Marcel Cachin (1869-1958) avait été socialiste, délégué permanent à la propagande. Il appartenait au courant guesdiste. Pendant la guerre, il se rallie naturellement au courant majoritaire hostile au pacifisme. En juillet 1920, il se rend à Moscou, accompagné de Frossard, pour négocier les conditions d’adhésion de la SFIO à la IIIe Internationale. Fraîchement reçus par les bolcheviques, les deux émissaires socialistes peuvent néanmoins assister au deuxième congrès de l’Internationale où ils exposent la ligne du Parti socialiste français. L’un et l’autre reviennent convaincus de la nécessité de l’adhésion à la nouvelle Internationale. Ils défendirent cette position au congrès de Tours où ils présentèrent leur propre résolution.

 

J’en viens à une querelle d’un tout autre ordre que certains socialistes ont cherché à la Révolution russe et par laquelle l’on cherche de manière inattendue à écarter de la IIIe Internationale la majorité de nos partis.

On a dit : « Comment ! Voilà une révolution communiste qui commence par distribuer la terre à l’ensemble des paysans russes, au lieu de s’en tenir à la doctrine communiste intégrale ! »

Est-ce que cette pratique est, elle aussi, comme celle de la violence, contraire à notre tradition socialiste française ? Je croyais que, sur ce point, tous nos congrès nationaux et internationaux avaient été unanimes. Ils ont toujours déclaré que la révolution réalisée devait tenir compte des moments de l’évolution que nous vivons.

Une voix : C’est de l’opportunisme !

Cachin : Oui, c’est de l’opportunisme et du meilleur.

[Applaudissements.]

Les Russes ont donc, après leur révolution faite, appliqué cet opportunisme-là ; mais il ne convient pas de jouer sur les mots et de confondre l’opportunisme d’avant et celui d’après la Révolution.

[…]

Ils ont donc mis la main sur la forteresse centrale d’où, aujourd’hui, la bourgeoisie tire dans tous les pays sur l’ensemble des prolétariats qui ne se sont pas encore saisis du gouvernement.
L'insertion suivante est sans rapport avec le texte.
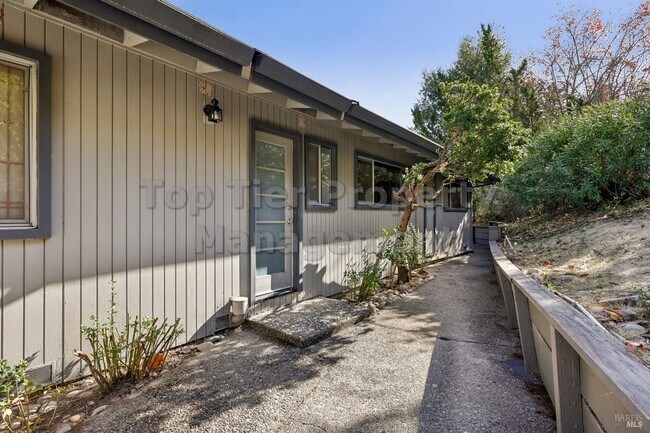 Building Photo - Beautiful 3 bedroom, 2 bath, 2,039 sqft hi...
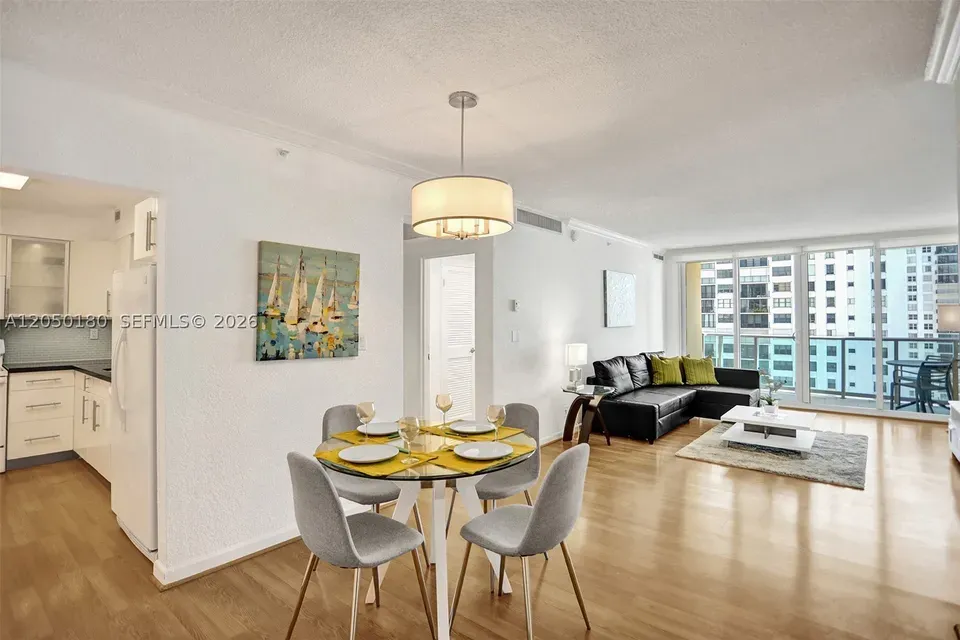 1 Bed 1 Bath Urban Residential Condo in Hollywood, FL - 2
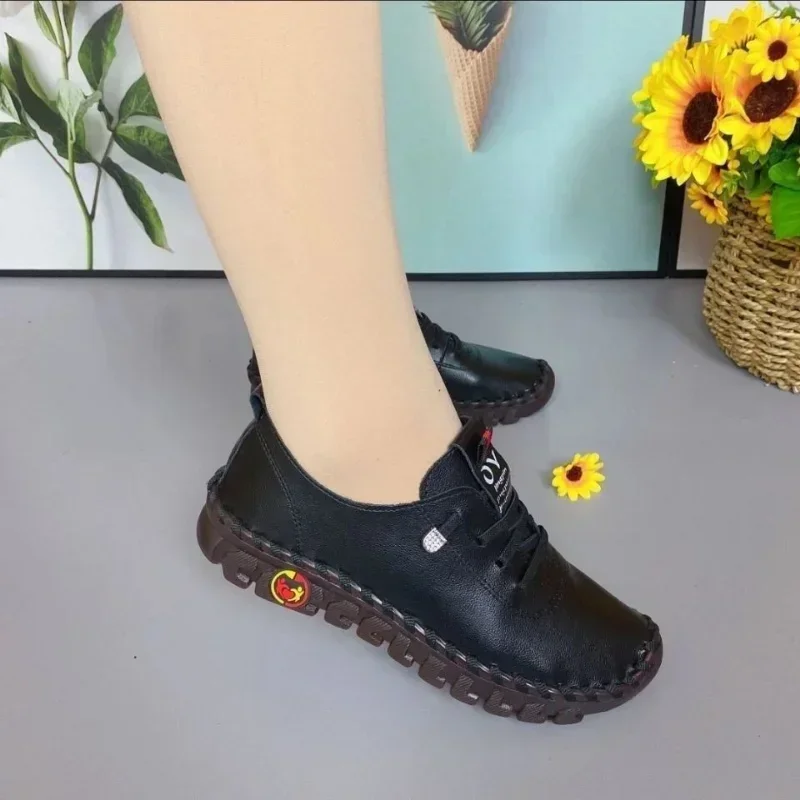 2025 NEW Vintage Women Breathable Shoes Platform Loafers Lace Up Leather Hollow Slip On New Fashion Casual Mom Shoe atos Mujer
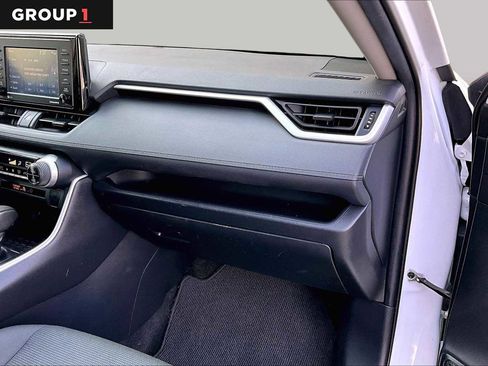 Used 2020 Toyota RAV4 LE AWD/4WD image 19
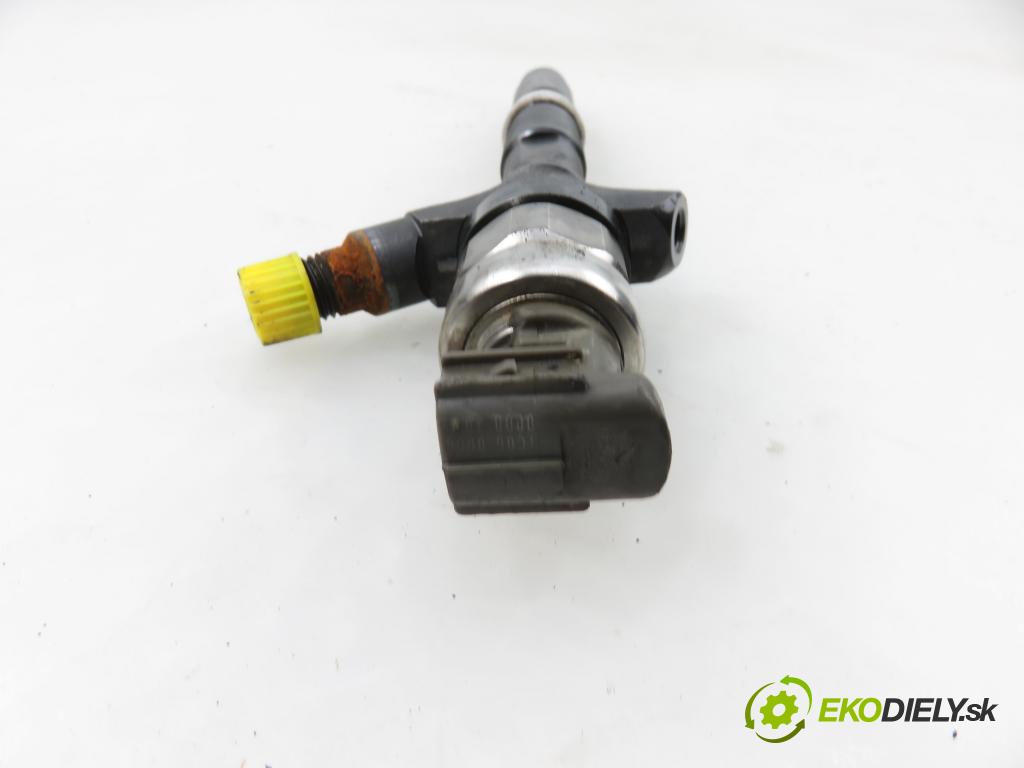 TOYOTA COROLLA Verso (ZER_, ZZE12_, R1_) MINIVAN 2005 85,00 2.0 D-4D (CUR10_) - 1CD-FTV 1995,00 vstřikovač 236700G010 (Vstřikovač paliva)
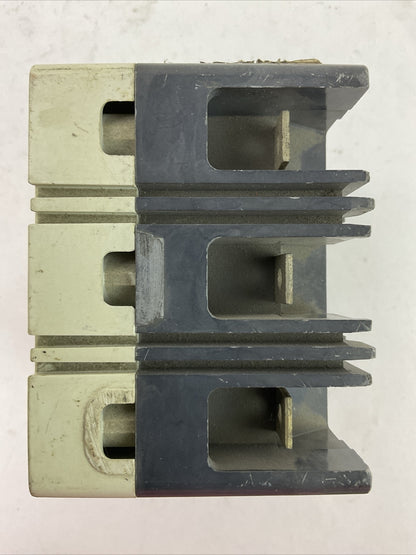 CHALLENGER CE3015 15AMP 480VAC 250VDC 3P MOLDED CASE CIRCUIT BREAKER 6626C03G03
Ils l’ont fait avec une parfaite clarté de vue, dans le but avoué de réaliser le communisme plein et total, avec l’esprit politique le plus haut ; nous avons, nous, à les en féliciter au lieu de multiplier contre leur œuvre les chicanes et les réserves.

[Très bien !]

Ce que nous attendons d’eux par-dessus tout, en ce moment, c’est que la grande Commune qu’ils ont instaurée ne tombe pas sous les coups du capitalisme international ; c’est qu’ils résistent à tout prix et qu’ils continuent à maintenir là-bas, debout, la république sociale qu’ils ont édifiée.

S’ils laissent à leurs paysans la possession individuelle de leur sol dans certaines conditions, cela n’empêche pas que, avec une passion dont nous avons eu, Frossard1 et moi, des exemples multiples, ils tentent dans l’agriculture même de fournir des exemples de travail collectif ; ils occupent, à l’heure actuelle et malgré tout, en Russie, au travail du sol national, près d’un million d’hommes sous les formes de coopératives paysannes, de domaines soviétiques, de communes agricoles, car leurs modes de distribution de la terre furent et demeurent infiniment souples et variés.
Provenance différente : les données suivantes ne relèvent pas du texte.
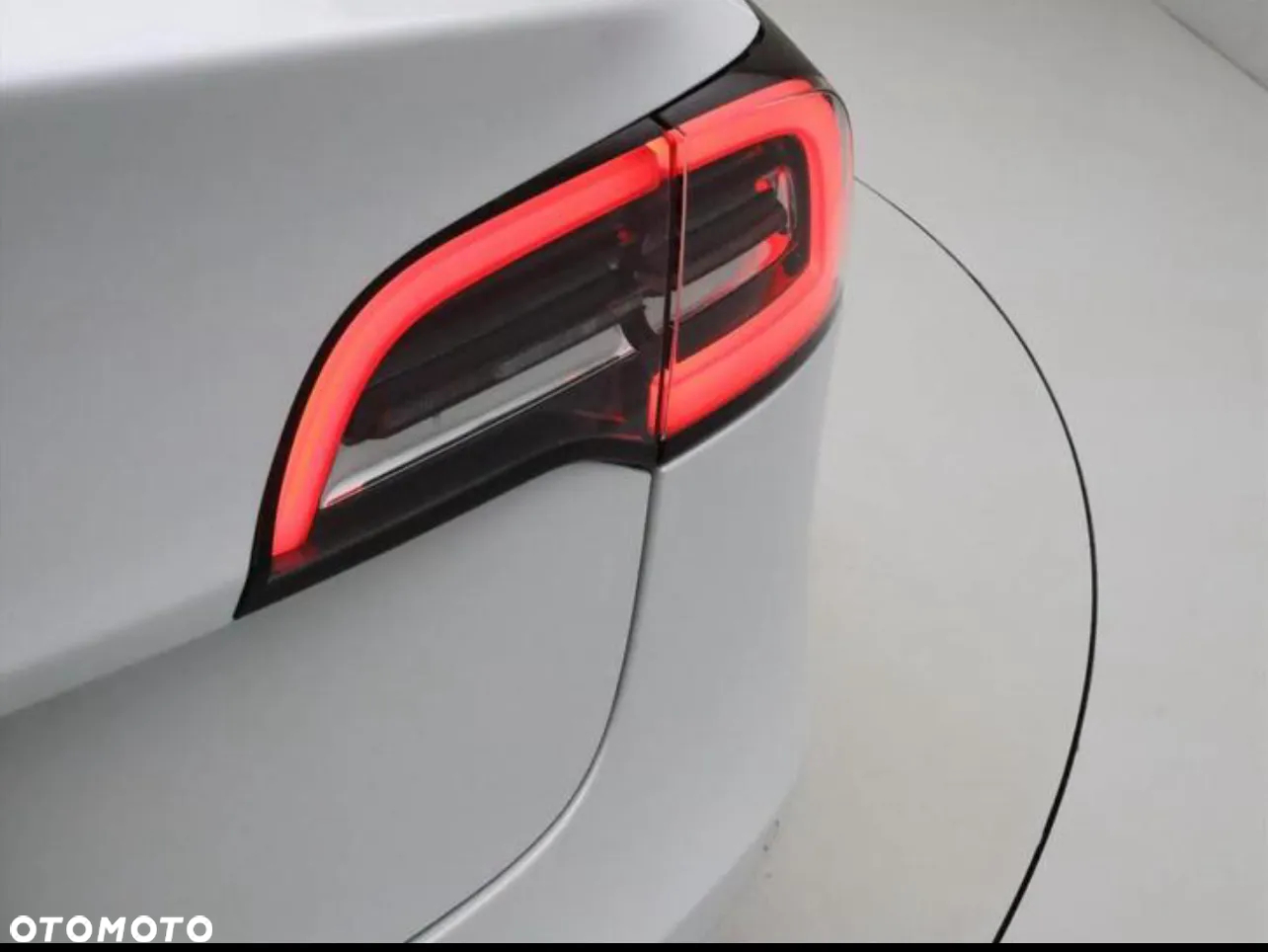 Tesla Model 3 Standard Reichweite Plus Hinterradantrieb - 25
Je me souviens d’une réunion à laquelle nous assistâmes dans un Soviet fort éloigné de Moscou, celui de la grande ville industrielle de Saratof. On nous avait conviés à assister à la délibération, et il se trouvait précisément que l’ordre du jour portait la question des communes agraires ; les ouvriers et les ouvrières, l’ensemble des représentants du Soviet local, étudiaient, avec patience et avec un grand souci du réel, le problème des communes agricoles travaillées collectivement. Leur gouvernement en comportait un grand nombre, auxquelles ils faisaient de multiples visites, au sujet desquelles ils formulaient les enquêtes et les statistiques.
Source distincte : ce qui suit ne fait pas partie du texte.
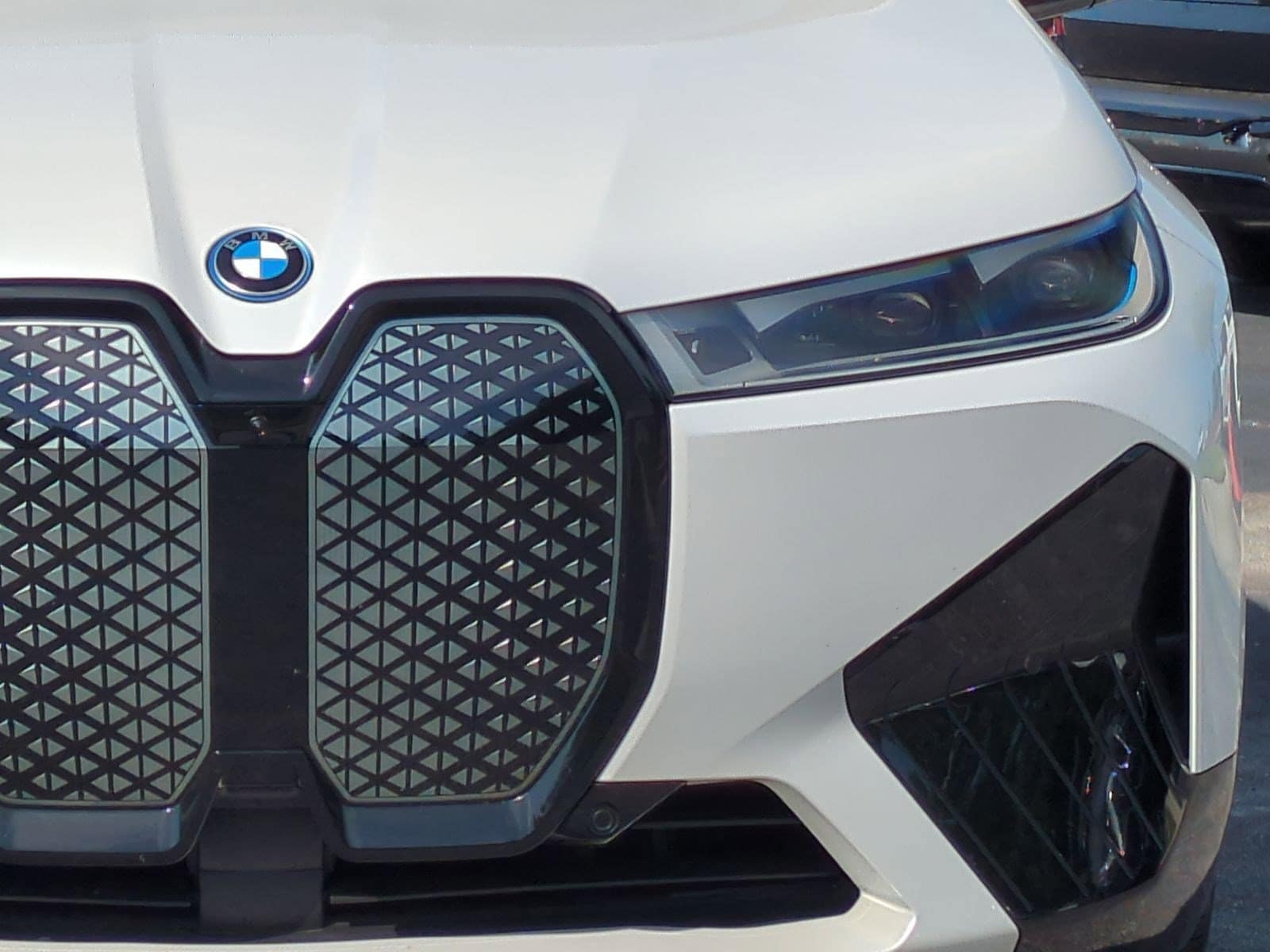 2023 BMW iX xDrive50 photo 5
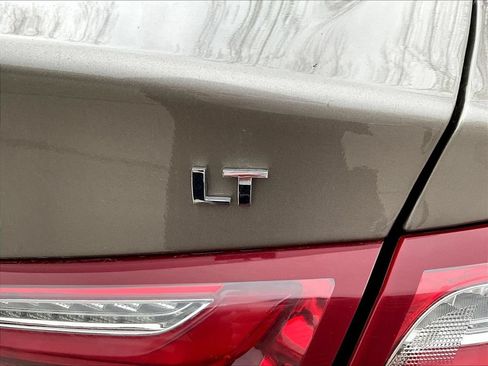 Used 2024 Chevrolet Malibu LT FWD image 27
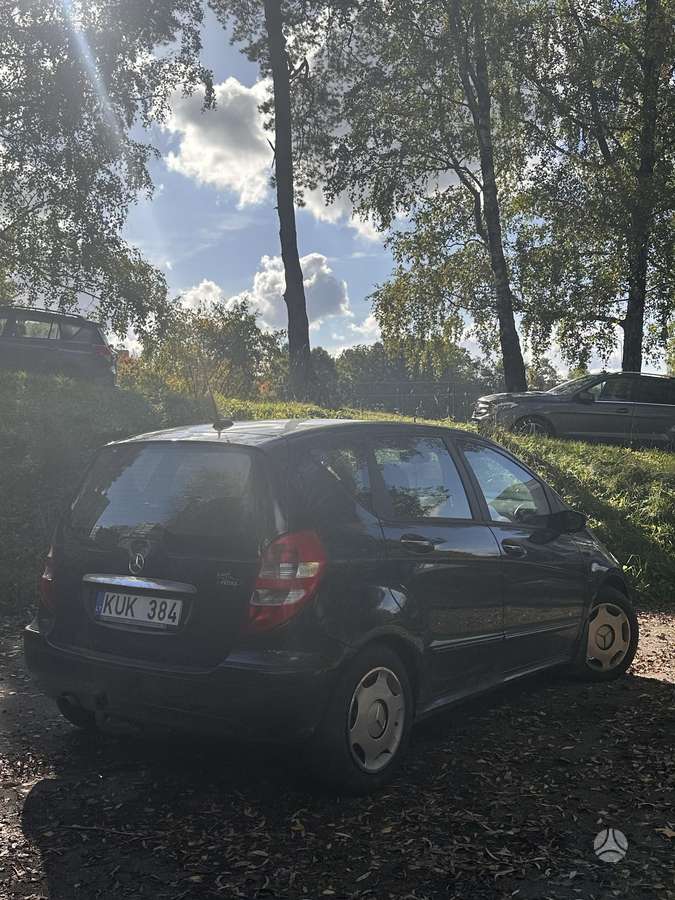 Mercedes-Benz A180 2005 — engine 2000 cm³, 109 HP (80kW)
Les orateurs apportaient là le résultat de leurs observations, et la directive générale à laquelle ils obéissaient tous était de porter les domaines collectifs à un tel degré de progrès, de perfection et de rendement qu’ils deviendraient des modèles pour les petits propriétaires jusqu’à présent attachés au sol que le bolchevisme vient de leur attribuer.

[Applaudissements.]

C’est là une vieille conception ; nous l’avons souvent formulée dans nos programmes et dans nos congrès. Les Russes ont l’avantage sur nous d’avoir essayé de mettre les premiers ces principes en application.

[Très bien !]

XVIIIe Congrès national, compte rendu sténographique, Paris, SFIO, 1920, p. 353-355.


1.

Ludovic-Oscar Frossard (1889-1946) est secrétaire du Parti socialiste. Instituteur, il rallie la majorité de Tours mais quitte le Parti communiste en 1923.